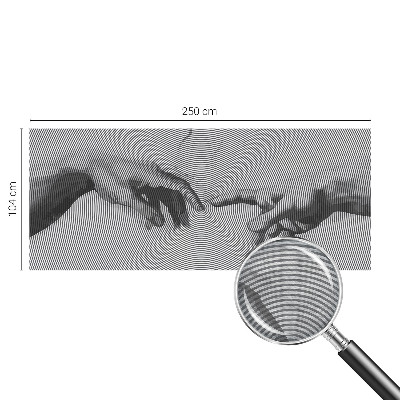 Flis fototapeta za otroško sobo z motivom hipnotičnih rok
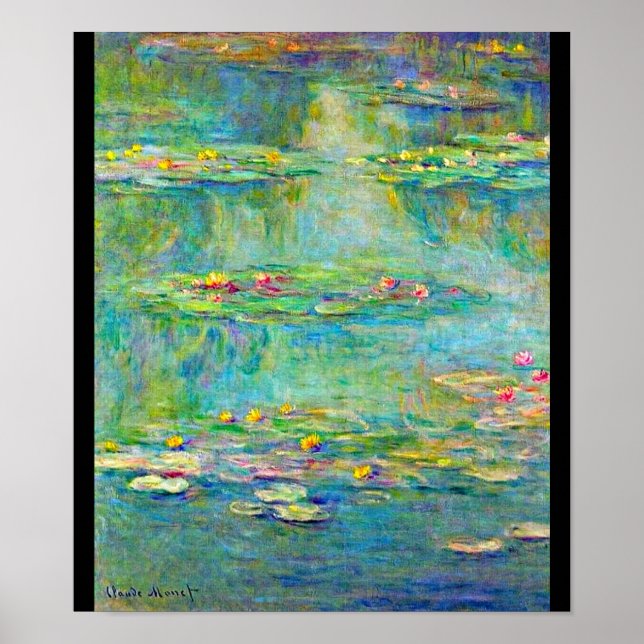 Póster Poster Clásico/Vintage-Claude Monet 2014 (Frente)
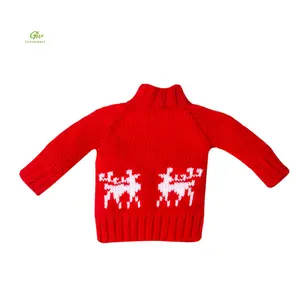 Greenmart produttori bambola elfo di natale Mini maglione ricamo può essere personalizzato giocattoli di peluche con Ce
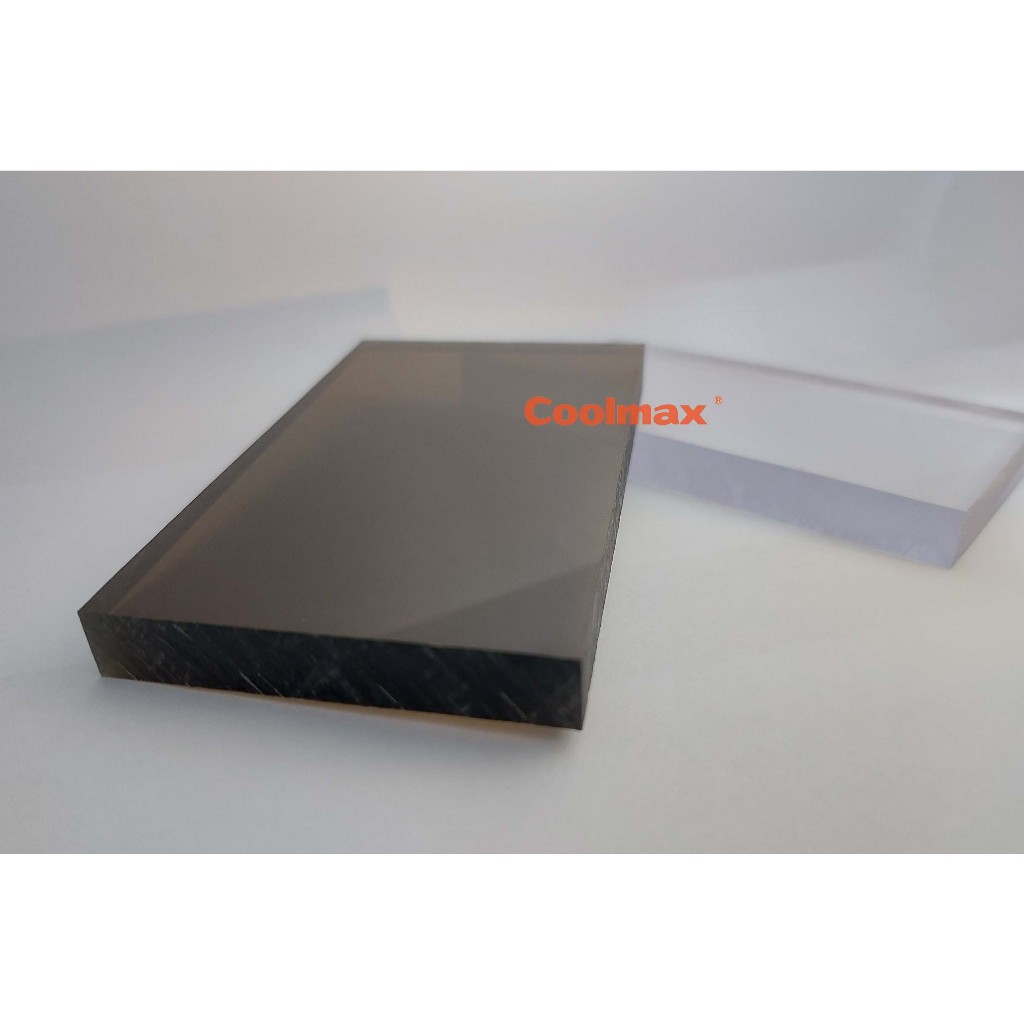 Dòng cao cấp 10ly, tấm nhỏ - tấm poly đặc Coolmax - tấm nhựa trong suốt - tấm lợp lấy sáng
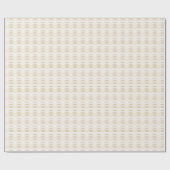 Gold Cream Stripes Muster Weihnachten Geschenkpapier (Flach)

□ □ □ □

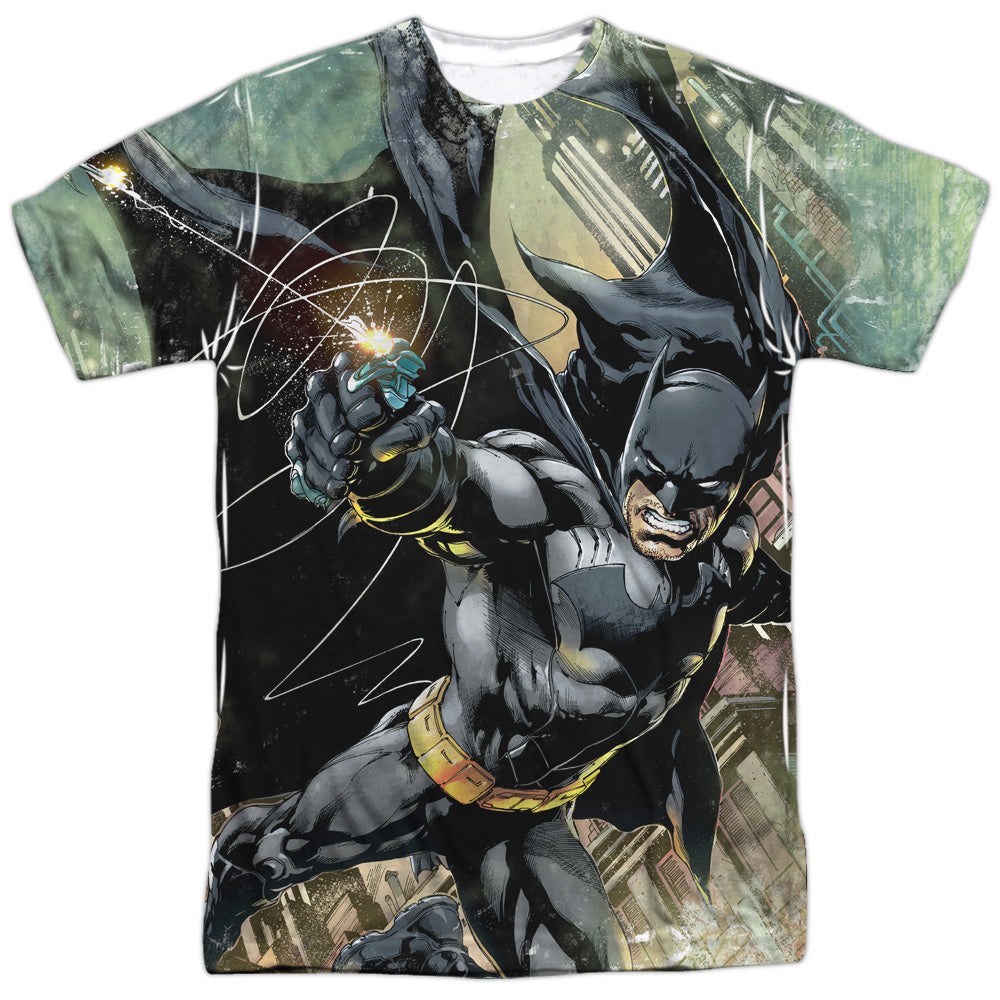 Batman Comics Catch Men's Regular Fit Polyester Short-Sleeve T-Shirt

□ □ □ □

_BRIEF_
Pictures are to be left out. Write out only the lines above starting at the one with "Flis fototapeta za" and ending at the one with "Gold Cream Stripes", both lines included, exactly.

_WRITTEN RESPONSE_
 Flis fototapeta za otroško sobo z motivom hipnotičnih rok
 Póster Poster Clásico/Vintage-Claude Monet 2014 (Frente)
 Greenmart produttori bambola elfo di natale Mini maglione ricamo può essere personalizzato giocattoli di peluche con Ce
 Dòng cao cấp 10ly, tấm nhỏ - tấm poly đặc Coolmax - tấm nhựa trong suốt - tấm lợp lấy sáng
 Gold Cream Stripes Muster Weihnachten Geschenkpapier (Flach)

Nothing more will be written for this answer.